For one, Ludwin said that Interstellar would seek to work with the Stellar Development Foundation to grow the software in concert with other for-profit startups.

"Ripple is focused on international B2B networks, being crypto Swift for banks. Stellar has increasingly become the platform of choice for issuing tokens of all kinds," he said.

Still, like Ripple, Ludwin said the new company will continue to work to bring open-source software to the firms with which Chain already had established projects.

Interstellar, he said, will continue to use its cloud blockchain service Sequence, introduced last October, and will also make use of the tech behind its Chain Protocol, a suite of tools designed to enable private blockchain networks, launched in 2016.

As such, he said the products will be used alongside software from Stellar's non-profit arm, enabling the company to work with both private and public networks.

"What you're going to see from Interstellar is a convergence of the two. Where it makes sense to have assets in a private environment, we'll use Chain's products, when it makes sense for these assets to be transferred over a network, we'll use stellar," he said, adding:

"You don't think I'm on a public network or I'm on a private network, I'm on my computer, doing work."

Third time's a charm

In interview, Ludwin also addressed his journey as an entrepreneur working closely with blockchain and cryptocurrencies, noting that in many ways this could be viewed as a kind of third version of a vision he began pursuing in 2014.
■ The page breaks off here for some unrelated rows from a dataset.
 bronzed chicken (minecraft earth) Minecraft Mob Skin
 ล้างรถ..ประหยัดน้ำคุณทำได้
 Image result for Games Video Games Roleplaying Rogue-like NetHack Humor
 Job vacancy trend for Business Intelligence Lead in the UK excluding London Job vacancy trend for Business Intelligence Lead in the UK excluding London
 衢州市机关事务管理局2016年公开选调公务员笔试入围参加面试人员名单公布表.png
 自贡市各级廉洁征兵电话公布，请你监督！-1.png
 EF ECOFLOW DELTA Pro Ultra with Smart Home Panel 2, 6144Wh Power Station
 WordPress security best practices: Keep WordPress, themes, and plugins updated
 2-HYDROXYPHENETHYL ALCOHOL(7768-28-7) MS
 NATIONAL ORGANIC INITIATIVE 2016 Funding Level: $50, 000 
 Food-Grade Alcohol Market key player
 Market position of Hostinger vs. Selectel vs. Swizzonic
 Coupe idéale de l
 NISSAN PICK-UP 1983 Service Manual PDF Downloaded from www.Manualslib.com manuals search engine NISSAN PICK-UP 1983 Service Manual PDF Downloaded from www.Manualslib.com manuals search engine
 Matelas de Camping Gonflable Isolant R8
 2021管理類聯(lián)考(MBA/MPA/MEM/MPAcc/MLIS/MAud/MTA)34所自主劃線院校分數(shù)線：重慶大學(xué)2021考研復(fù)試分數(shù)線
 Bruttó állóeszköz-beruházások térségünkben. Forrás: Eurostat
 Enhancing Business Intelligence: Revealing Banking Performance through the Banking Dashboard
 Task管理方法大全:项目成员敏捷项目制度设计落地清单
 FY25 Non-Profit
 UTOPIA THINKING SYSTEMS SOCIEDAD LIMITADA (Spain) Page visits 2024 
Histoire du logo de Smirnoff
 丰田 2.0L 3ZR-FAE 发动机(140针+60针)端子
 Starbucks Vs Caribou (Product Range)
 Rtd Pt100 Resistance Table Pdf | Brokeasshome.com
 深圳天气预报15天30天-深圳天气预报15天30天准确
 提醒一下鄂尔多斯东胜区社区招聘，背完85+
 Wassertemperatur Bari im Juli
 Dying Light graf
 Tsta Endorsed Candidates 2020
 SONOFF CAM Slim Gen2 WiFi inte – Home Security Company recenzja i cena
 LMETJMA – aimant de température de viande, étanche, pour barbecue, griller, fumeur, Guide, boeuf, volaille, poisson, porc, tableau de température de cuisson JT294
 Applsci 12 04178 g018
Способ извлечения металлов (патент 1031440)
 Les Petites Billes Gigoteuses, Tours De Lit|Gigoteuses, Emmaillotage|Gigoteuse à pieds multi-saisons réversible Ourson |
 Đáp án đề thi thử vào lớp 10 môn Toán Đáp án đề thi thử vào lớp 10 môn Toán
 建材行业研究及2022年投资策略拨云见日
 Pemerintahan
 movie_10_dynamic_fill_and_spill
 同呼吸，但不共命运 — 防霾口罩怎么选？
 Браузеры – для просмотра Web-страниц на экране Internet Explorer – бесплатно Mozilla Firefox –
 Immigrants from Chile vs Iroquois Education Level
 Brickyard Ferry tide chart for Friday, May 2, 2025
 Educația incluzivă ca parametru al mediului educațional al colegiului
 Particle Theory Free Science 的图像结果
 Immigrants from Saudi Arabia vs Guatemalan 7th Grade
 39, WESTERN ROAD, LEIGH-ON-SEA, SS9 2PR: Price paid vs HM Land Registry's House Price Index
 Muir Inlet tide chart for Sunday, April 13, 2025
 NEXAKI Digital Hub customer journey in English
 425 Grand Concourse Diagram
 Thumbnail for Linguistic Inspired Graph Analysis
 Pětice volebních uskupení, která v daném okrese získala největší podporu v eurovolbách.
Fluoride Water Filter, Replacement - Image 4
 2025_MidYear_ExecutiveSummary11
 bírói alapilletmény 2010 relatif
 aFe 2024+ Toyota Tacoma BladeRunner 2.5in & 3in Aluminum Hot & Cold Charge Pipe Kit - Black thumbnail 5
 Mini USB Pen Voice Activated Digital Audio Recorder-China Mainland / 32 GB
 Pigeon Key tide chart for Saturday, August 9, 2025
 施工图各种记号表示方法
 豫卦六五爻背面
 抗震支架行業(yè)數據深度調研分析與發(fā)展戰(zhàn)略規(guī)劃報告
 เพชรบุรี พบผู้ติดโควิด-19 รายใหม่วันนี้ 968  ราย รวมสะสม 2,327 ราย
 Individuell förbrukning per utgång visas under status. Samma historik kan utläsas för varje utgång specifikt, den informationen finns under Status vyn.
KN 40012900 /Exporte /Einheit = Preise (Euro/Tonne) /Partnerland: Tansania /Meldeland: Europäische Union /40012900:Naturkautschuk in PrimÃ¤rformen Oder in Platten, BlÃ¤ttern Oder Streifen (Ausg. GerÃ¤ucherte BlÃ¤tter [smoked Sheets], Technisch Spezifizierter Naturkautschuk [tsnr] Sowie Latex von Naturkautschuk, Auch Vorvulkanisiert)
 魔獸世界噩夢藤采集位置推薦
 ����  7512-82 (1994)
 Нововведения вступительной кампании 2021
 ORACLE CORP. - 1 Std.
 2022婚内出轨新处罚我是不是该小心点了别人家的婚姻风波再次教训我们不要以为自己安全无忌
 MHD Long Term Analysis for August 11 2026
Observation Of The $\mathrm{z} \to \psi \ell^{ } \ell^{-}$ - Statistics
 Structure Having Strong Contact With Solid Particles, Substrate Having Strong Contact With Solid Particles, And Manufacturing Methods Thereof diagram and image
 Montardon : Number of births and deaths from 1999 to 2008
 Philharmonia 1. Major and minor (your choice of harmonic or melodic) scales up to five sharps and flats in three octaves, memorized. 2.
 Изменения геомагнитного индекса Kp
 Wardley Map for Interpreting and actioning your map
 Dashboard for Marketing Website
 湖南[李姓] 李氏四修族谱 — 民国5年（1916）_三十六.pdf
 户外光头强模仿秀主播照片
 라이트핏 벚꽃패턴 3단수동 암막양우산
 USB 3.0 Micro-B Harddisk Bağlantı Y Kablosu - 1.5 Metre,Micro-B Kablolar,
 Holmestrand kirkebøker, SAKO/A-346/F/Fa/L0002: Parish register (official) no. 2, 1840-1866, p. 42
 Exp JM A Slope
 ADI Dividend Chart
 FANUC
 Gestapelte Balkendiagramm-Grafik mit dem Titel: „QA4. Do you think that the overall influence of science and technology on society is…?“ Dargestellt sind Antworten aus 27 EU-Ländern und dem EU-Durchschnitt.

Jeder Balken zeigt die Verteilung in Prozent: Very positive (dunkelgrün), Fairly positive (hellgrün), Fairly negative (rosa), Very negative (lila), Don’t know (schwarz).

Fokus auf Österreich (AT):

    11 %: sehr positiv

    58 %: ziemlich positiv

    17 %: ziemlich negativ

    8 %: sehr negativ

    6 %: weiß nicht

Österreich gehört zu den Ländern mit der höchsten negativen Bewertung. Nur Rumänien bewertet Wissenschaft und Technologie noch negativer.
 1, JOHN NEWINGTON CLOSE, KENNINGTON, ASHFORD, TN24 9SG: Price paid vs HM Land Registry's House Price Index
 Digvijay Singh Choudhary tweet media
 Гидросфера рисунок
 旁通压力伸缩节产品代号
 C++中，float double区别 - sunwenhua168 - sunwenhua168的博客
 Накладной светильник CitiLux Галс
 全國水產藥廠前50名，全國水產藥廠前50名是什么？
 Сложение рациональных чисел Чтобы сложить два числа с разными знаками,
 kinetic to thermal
At launch, Chain was focused on providing products for bitcoin developers, emerging as a well-financed competitor to early Silicon Valley startups such as Gem and Coinbase, then both pursuing a model in which they sought to court coders.

Chain would later raise $30 million from major financial institutions in 2015 in a repositioning that found the company seeking to become the preferred partner for businesses that wanted to leverage blockchain to leverage the technology to create new products.

Still, Ludwin said the goal at all times as been the pursuit of technology that would enable a platform for the creation of new assets, ones that, like bitcoins on the bitcoin blockchain, would be defined by cryptography and peer-to-peer networking.

To that end, Ludwin suggested he's merely been more aggressive in pursuit of this vision, willing to ride the twists and turns of one of the tech industry's fastest-moving sectors.

Ludwin concluded:

"Have we experimented with approaches? Heck yeah, but if you're in this industry and you haven't, you're not likely to get it right on the first stab."